The Swedish writer recreates the life of Timandra, the lover of Alcibiades, who philosophized with Socrates or Euripides. She returned to Greek, her mother tongue, after writing in it for half a century in the Scandinavian language.
2,500 years ago, the most brilliant and powerful minds of Athens passed through Timandra’s bed and house. Of legendary beauty, this courtesan lay with Alcibiades and philosophized with Socrates and Euripides. “She was not a prostitute, as we understand this term today,” says Theodor Kallifatides, the Swedish writer of Greek origin, born 84 years ago in Molaoi, in the Peloponnese, and who has recreated the life of this highly regarded hetaira in ‘ Timandra’ (Gutenberg Galaxy).
«Since the dawn of time there have been women and men who did with their bodies what they wanted. They were called servants of Aphrodite, but they do not coincide with what a prostitute would be. Timandra, she would be a kind of ‘geisha’ that she chooses with whom she shares her body », explains Kallifatides.
“She was highly respected, like Aspasia.

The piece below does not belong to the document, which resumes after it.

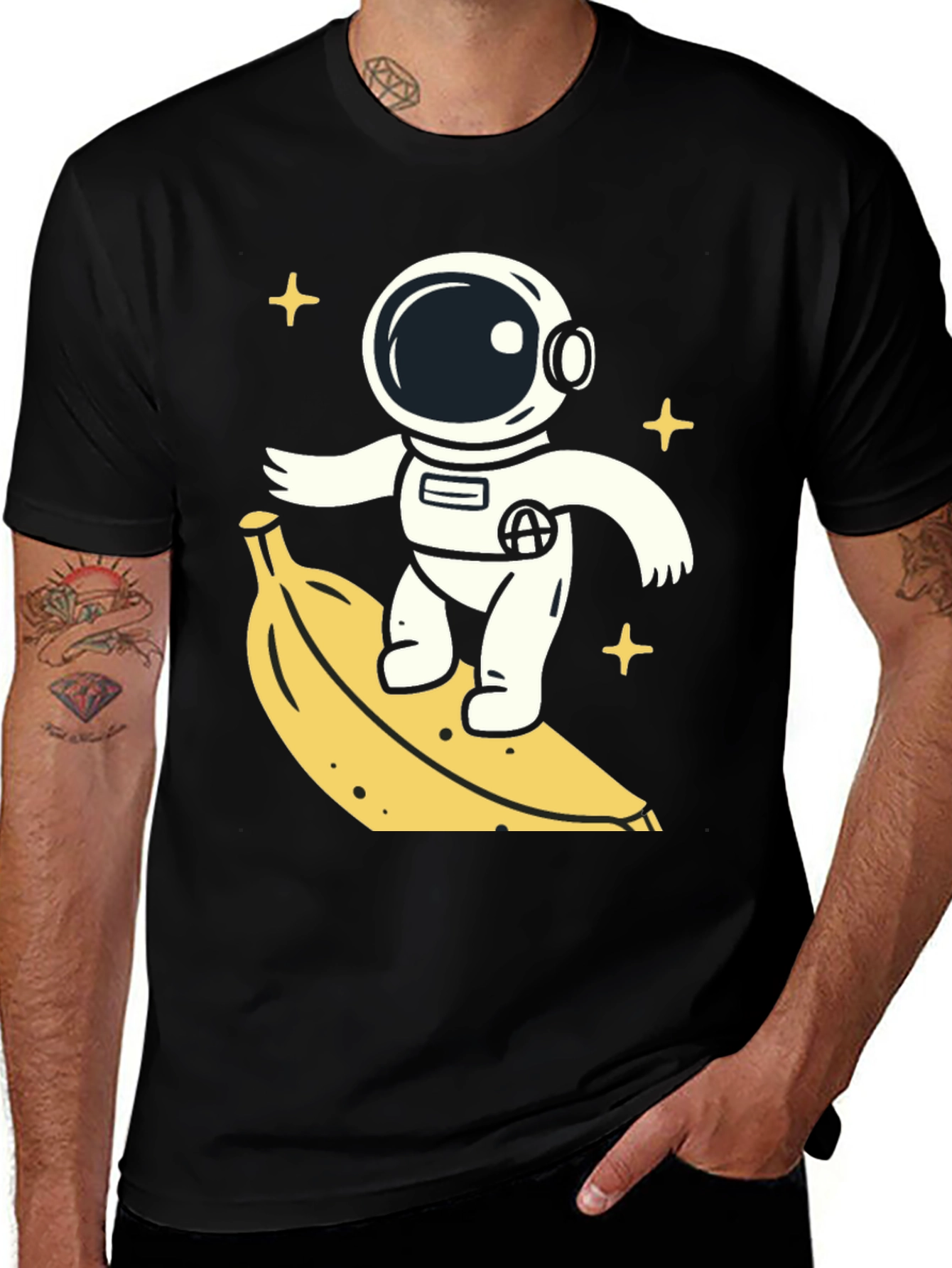 Variant 2 of Astronaut Banana Ride T-Shirt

He was at the center of Athenian life and had a lucid relationship with power”, he says of a character who lived through the heat of the Peloponnesian War between Athens and Sparta, and who went down in history for being, as historical sources indicate , “the splendid ether that lived with the hero Alcibiades, covered his corpse with his dress and collected his ashes.”

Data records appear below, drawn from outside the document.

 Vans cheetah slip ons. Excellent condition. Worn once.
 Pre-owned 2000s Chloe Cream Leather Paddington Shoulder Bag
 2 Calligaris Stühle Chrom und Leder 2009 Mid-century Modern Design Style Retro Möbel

Two and a half millennia later Kallifatides believes that “prostitution is horrible.” “The word itself contains a concept of abuse that justifies something that you know is wrong, but that enables some people to do with a woman, or with a man, what they don’t want you to do,” says the writer. “Prostitution is, in essence, an abuse of the weak, and throughout history power has used the weakest, who always suffer, at will,” he adds.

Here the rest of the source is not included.